The volume of paper flying around is not necessarily a guide to the amount of genuine interest. There is little cost and no penalty in asking for the outline documents and sending a few details. The pre-qualification process is simply a vetting device toprove a bidder's financial and managerial strength.

Bear in mind too that a large proportion of the interest may well be for just a handful of franchises. Chief among these is the Gatwick Express, which is the nearest thing on offer to a viable commercial operation that could stand on its own feet. Airlines have an obvious interest in owning the access route from London to the airport, if only to advertise themselves to captive passengers from other airlines.

The probability, however, is that a significant proportion of the interest shown is genuine. One reason is that the franchises are being sold by quasi-auction. Bidders will be competing, not on the price they must pay to the Government, but on the amountof subsidy they will accept to take the service off the Government's hands. The lower the subsidy, the better the chances of winning, as long as the operator has passed various tests of corporate acceptability.
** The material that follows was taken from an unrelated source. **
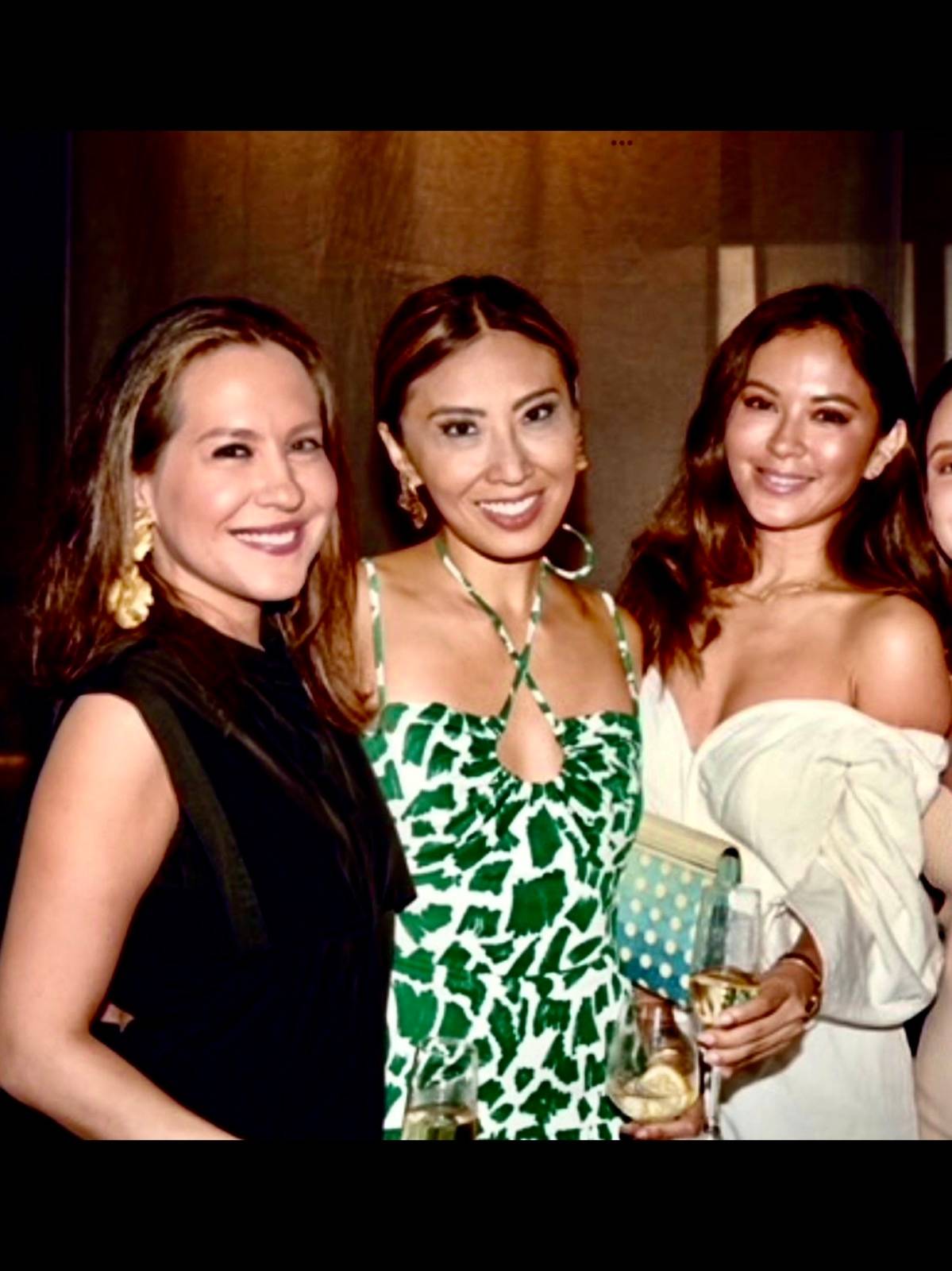 Jackie Antonio, Rosanna Ocampo-Rodriguez and Wendy Puyat.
So at some as yet unclear level of subsidy, it will be possible to make a sensible bid for any of the first batch of franchises, once track access charges, the leasing arrangements and other details are clear.
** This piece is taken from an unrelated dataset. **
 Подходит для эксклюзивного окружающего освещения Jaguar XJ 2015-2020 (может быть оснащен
The second is that the capital investment required is negligible, since the tracks belong to Railtrack and the rolling stock will be leased. If the franchise goes wrong, the operators may be bled dry, but it will be by drip-feed rather than in in one fell swoop.
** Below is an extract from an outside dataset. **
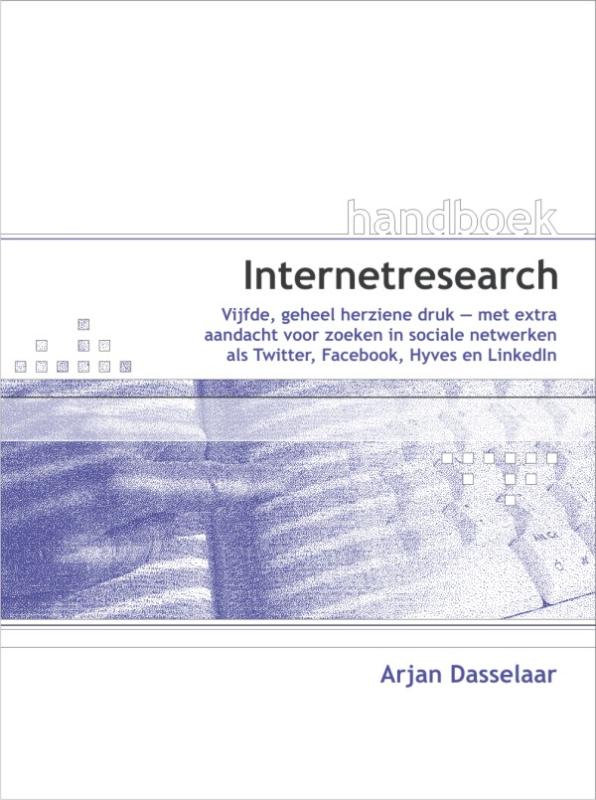 Omslag van Handboek Internetresearch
Having negotiated the subsidy level, the main risk that remains is whether the franchise company can control costs and run the service in a way that keeps the passengers using it. A large part of the costs will be outside the operators' control. But anyone who knows anything about making services user-friendly - and thinks, heretically, that trains should be run for the convenience of travellers, not for railwaymen or bureaucrats - should have scope to make a decent living.